— Records provided —
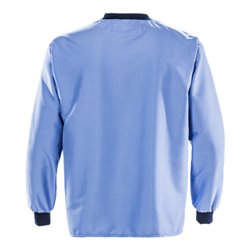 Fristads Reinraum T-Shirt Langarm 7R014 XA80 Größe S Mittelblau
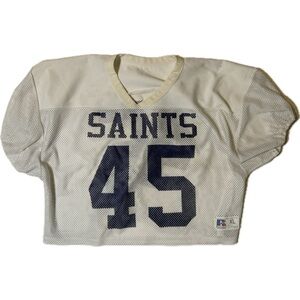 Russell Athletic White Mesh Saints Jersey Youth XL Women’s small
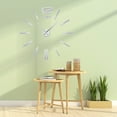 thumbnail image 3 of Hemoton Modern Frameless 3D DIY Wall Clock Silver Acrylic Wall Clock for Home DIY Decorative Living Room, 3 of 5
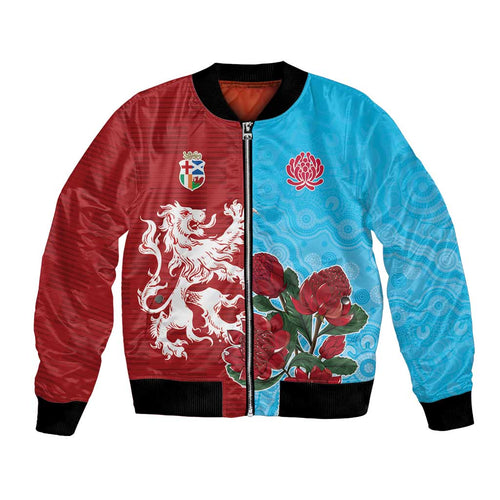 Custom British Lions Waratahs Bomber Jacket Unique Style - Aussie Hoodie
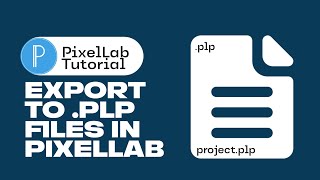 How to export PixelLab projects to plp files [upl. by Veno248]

---

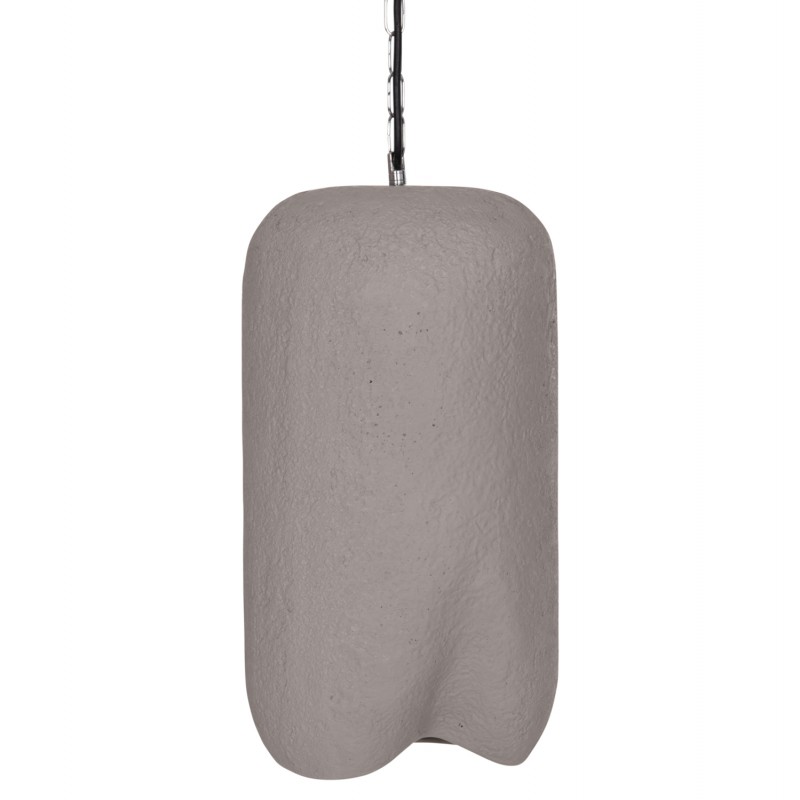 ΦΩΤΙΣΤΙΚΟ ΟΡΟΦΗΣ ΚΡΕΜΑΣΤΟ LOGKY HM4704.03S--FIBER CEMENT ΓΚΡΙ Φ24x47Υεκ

---

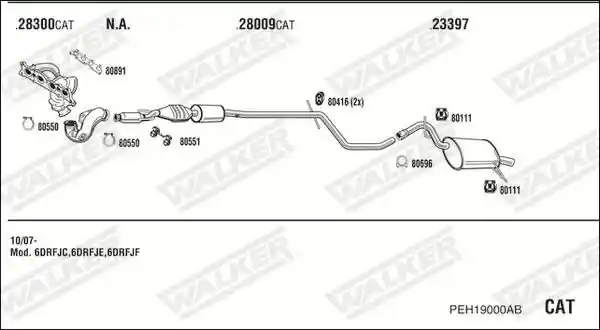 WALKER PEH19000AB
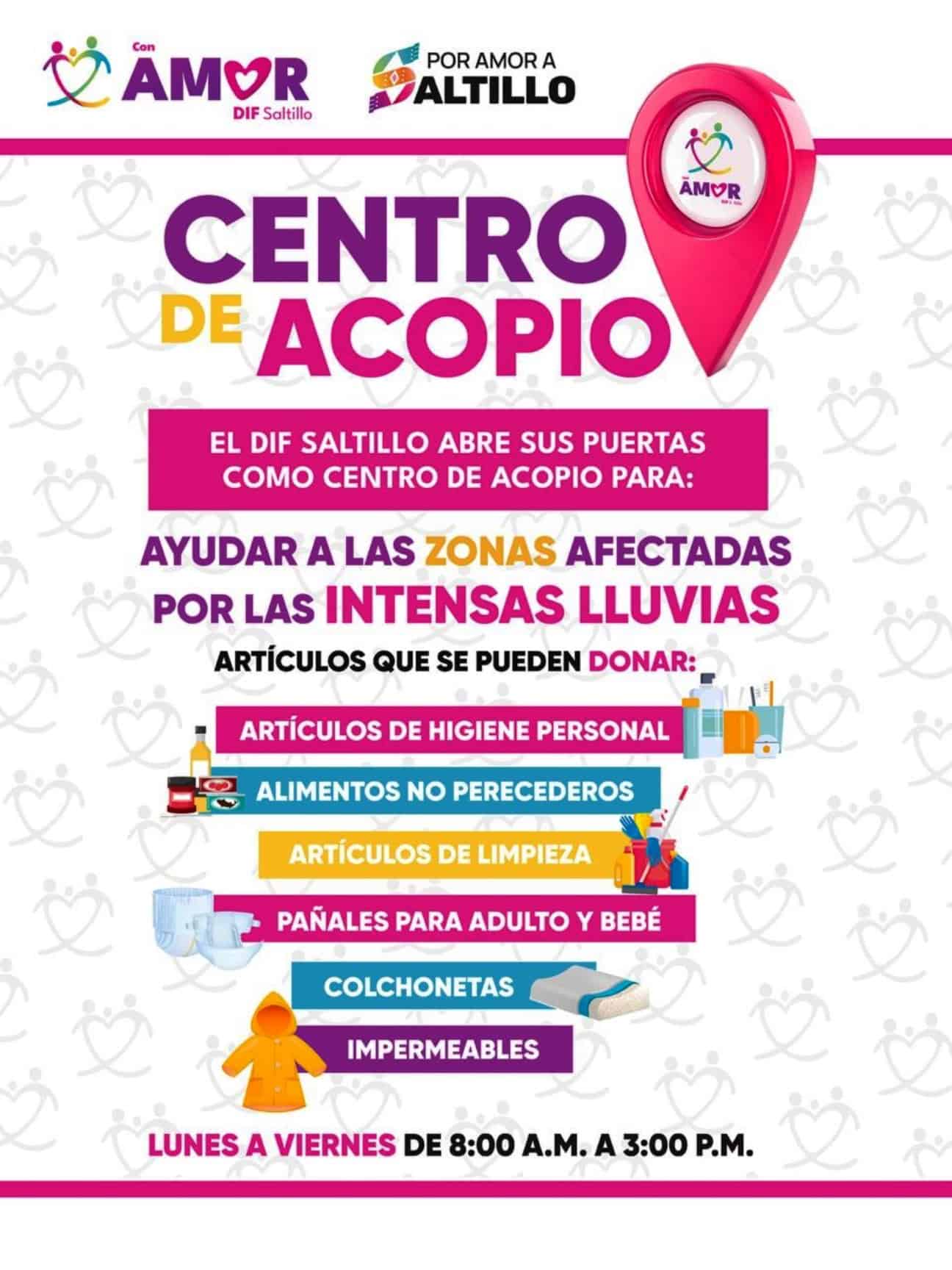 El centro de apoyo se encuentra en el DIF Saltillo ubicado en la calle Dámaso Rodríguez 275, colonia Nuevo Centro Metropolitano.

— Task description —
In the listing above, the required lines run from the line with "WALKER PEH19000AB" through the line with "El centro de". Output exactly those lines, omitting pictures.

— Output for this exercise —
 WALKER PEH19000AB
 El centro de apoyo se encuentra en el DIF Saltillo ubicado en la calle Dámaso Rodríguez 275, colonia Nuevo Centro Metropolitano.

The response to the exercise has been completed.